Coating thickness control: Coating thickness control is usually achieved by adjusting the speed of chocolate spraying, nozzle size, the frequency of item tumbling, and the temperature of the chocolate liquid.
6. Cooling and solidification
Cooling system: Once the chocolate is evenly coated on the surface of the item, cooling is the key step. The chocolate coating needs to be cooled and solidified quickly in a temperature-controlled environment to ensure the smoothness, hardness and stability of the coating. The cooling process can be accelerated by built-in fans or cooling devices, which can avoid uneven chocolate surface.
Solidification effect: When the chocolate cools, it will become solid and firmly adhere to the surface of the object to form a perfect chocolate shell.
7. Quality monitoring and regulation
Monitoring system: Many modern chocolate coating machines are equipped with real-time monitoring systems to detect parameters such as coating uniformity, thickness and fluidity of chocolate. If uneven coating is detected, the machine will automatically adjust the spraying speed, temperature or stirring frequency to ensure that every product can achieve high-quality coating effects.

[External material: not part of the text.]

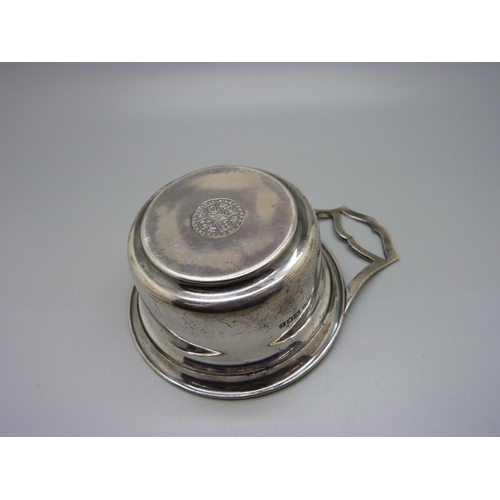 902 - A silver bowl/cup with George III coin set in the base, London 1904, 110g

The chocolate coating machine evenly coats the chocolate on the surface of the product through a series of sophisticated mechanical means such as rotating drums, spraying systems, temperature control mechanisms, internal stirring and repeated coating. Each link requires precise control to ensure the smoothness, uniformity and appropriate thickness of the chocolate coating, so as to achieve the best visual effect and taste quality.